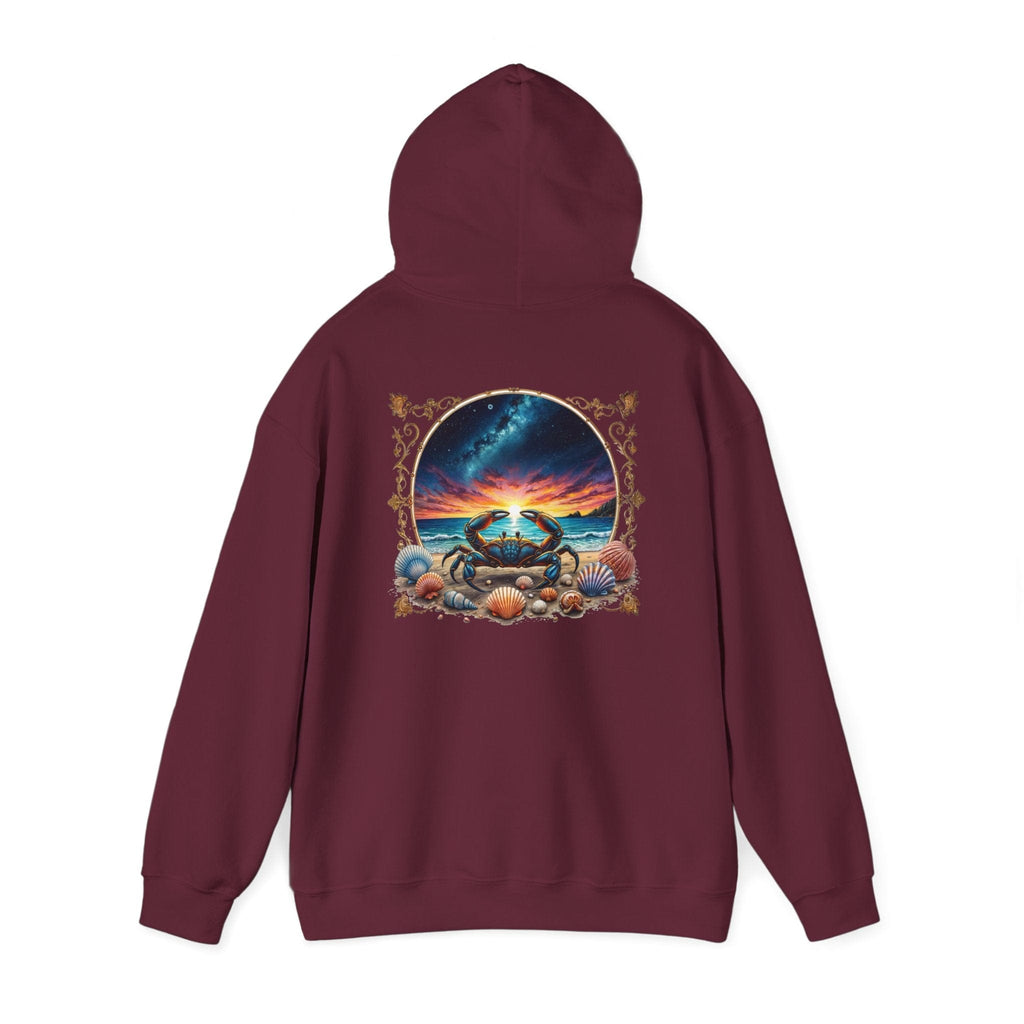 Printify Hoodie S / Maroon Cancer Zodiac & Astrology - Heavyweight Hoodie (Print On Back)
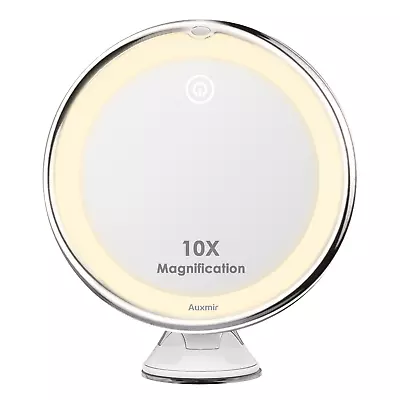Auxmir® 10X Magnifying MakeUp Mirror With Lights Suction Bathroom Shaving Mirror • £12.99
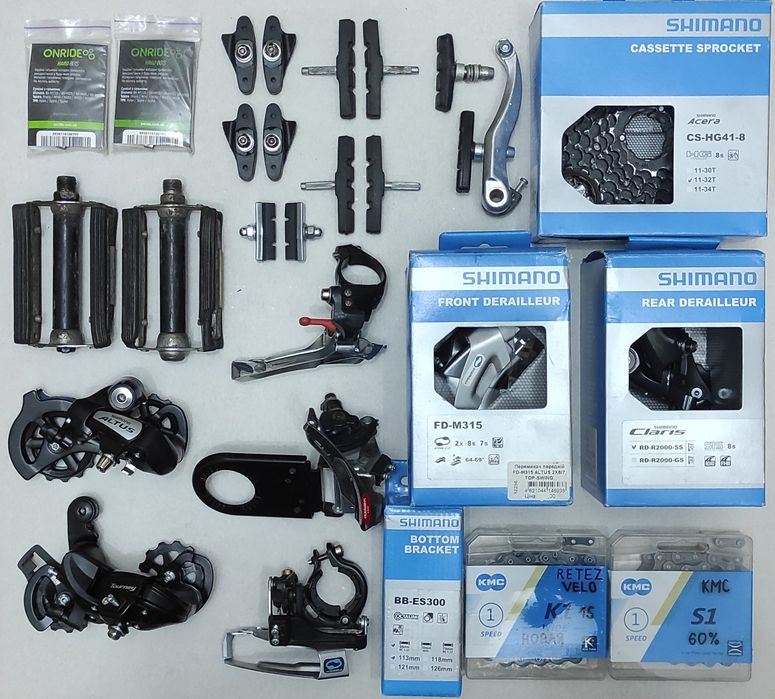 Запчасти и аксессуары на велосипед MTB, шоссе, дорожный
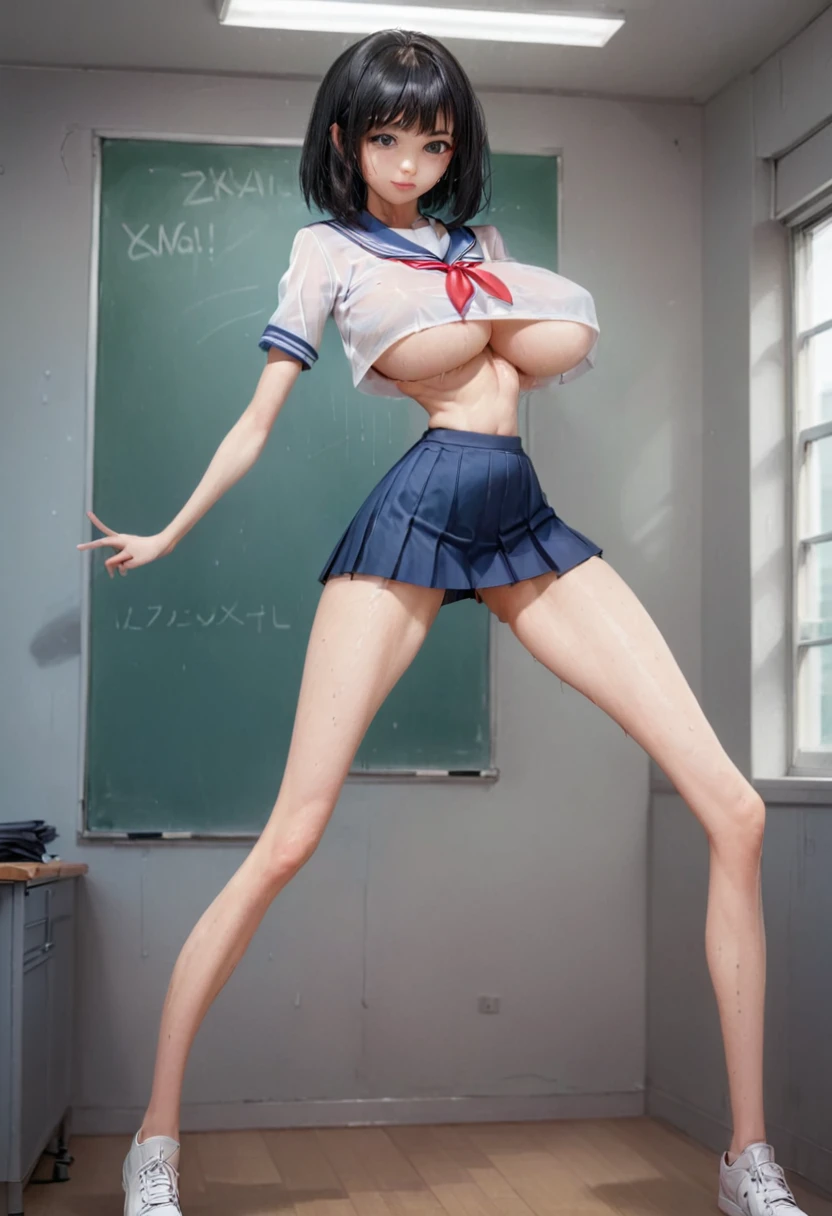 (masterpiece, best quality:1.2), Realistic, front shot, 1girl, kawaii, (super big breasts, micro waist, very long legs:1.4), Big Ass, Black hair, short bob hair, short height, scrawny and thin body, Light Skin, cute eyes, tiny slender cute face, detailed face, Tight school blazer, miniskirt, pigeon-toed, wet and sweaty, big visible ribs, V sign, Trembling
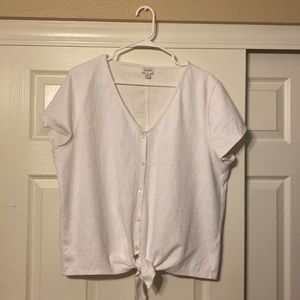 White button-down tie-front top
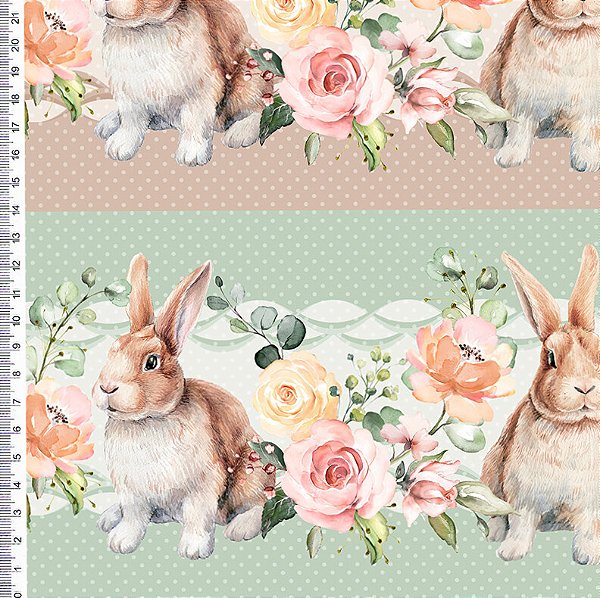 TRICOLINE DIGITAL 100% ALGODÃO ESTAMPADA 3D BARRADO PASCOA 0,55cm x 1,50m | SS013C01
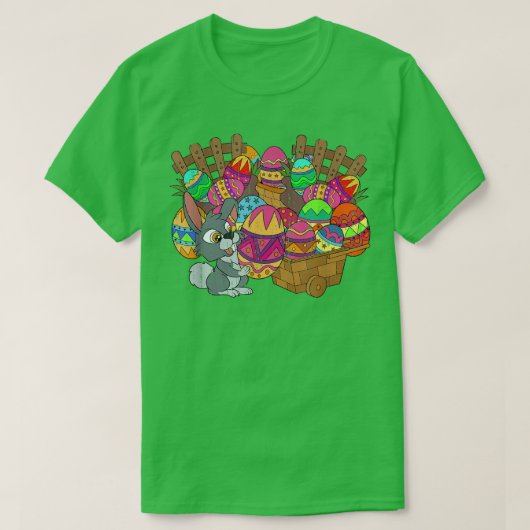 Easter Basket Cute Easter Eggs Bunny Rabbit Happy T-Shirt (Design vorne)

::::

• [WHAT TO PRODUCE]: Since pictures are not part of the copy, set down only the remaining data exactly.

• [EXPECTED ANSWER]:
 Printify Hoodie S / Maroon Cancer Zodiac & Astrology - Heavyweight Hoodie (Print On Back)
Auxmir® 10X Magnifying MakeUp Mirror With Lights Suction Bathroom Shaving Mirror • £12.99
 Запчасти и аксессуары на велосипед MTB, шоссе, дорожный
 (masterpiece, best quality:1.2), Realistic, front shot, 1girl, kawaii, (super big breasts, micro waist, very long legs:1.4), Big Ass, Black hair, short bob hair, short height, scrawny and thin body, Light Skin, cute eyes, tiny slender cute face, detailed face, Tight school blazer, miniskirt, pigeon-toed, wet and sweaty, big visible ribs, V sign, Trembling
 White button-down tie-front top
 TRICOLINE DIGITAL 100% ALGODÃO ESTAMPADA 3D BARRADO PASCOA 0,55cm x 1,50m | SS013C01
 Easter Basket Cute Easter Eggs Bunny Rabbit Happy T-Shirt (Design vorne)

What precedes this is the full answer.